Steamed white radish cakes are served in most Chinese dim sum restaurants in Hong Kong. These soft and delicious appetizers are made from white radish or Japanese daikon. The ingredients are steamed and cooked in a steamer pot and then pan-fried to give them a crispy coating on the outside while keeping them soft and juicy on the inside.
White radishChinese sausagesDried shrimpsSteamed white radish cakeRadish cake slices being pan-friedEnjoy!
Recipe for White Radish Cake, Dim-Sum Style
Prep time: 30 min
Cook time: 1 hour 30 min
Ready in: 2 hours
Yields: Serves 6 people
Ingredients
1.5 kilograms white radish or daikon, also known as long white icicles (available from fresh produce markets)
500 grams rice flour
3 chinese sausages, available from Coles supermarket or Asian stores
50 grams dried shrimps, washed and soaked
1 teaspoon garlic granules, use fresh garlic if preferred
1 teaspoon chopped shallots, can be substituted with onions if preferred
4 medium mushrooms
1 tablespoon salt
1 teaspoon ground peppper
2.5 cups water
Instructions
Wash, peel and grate all the white radishes.

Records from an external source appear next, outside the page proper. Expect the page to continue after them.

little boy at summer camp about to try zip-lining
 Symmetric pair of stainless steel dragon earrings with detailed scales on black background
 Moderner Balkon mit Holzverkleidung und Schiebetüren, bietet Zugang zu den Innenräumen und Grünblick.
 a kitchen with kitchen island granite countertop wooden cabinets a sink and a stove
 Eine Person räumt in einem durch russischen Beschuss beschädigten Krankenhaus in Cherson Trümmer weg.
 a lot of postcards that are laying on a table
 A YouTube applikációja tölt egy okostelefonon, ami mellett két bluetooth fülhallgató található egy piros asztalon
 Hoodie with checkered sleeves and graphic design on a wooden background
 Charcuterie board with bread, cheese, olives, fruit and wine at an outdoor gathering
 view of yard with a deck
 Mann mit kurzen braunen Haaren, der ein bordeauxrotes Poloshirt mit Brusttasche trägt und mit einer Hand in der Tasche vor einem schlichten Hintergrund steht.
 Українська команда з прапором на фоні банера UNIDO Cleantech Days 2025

Put the grated radish into a wide frying pan and cook for about 15 to 20 minutes or until the juice from the radish has evaporated. Add in salt and pepper just before turning off the heat. Set aside to cool and prepare the rest of the ingredients.
Cut up the Chinese sausages, shallots and dried shrimps into small pieces.
Heat up one tablespoon of oil in a frying pan. Add in sausages, shallots, garlic and dried shrimps and fry until fragrant. Set aside.
Pour rice flour into a big mixing bowl and add in water. Mix well until there are no lumps of flour in the mixture. An easy trick is to pass the mixture through a sieve.
Add in cooled radish and the rest of the fried ingredients. Mix well.
Divide the mixture into two portions and pour it into two greased stainless steel containers.
Add plenty of water into a steamer pot and bring the water to a boil before putting the radish in the steamer pot. Steam each container for 40 to 45 minutes on medium to high heat. Remove and set aside to cool before removing the radish cake from the container.
Cut one of the radish cakes into 2-centimetre-thick slices. Fry the slices on each side for a couple of minutes or until slightly brown. If you want them more crispy, fry them until golden brown. Serve pan-fried radish cakes with tomato sauce, sweet sauce or chilly sauce.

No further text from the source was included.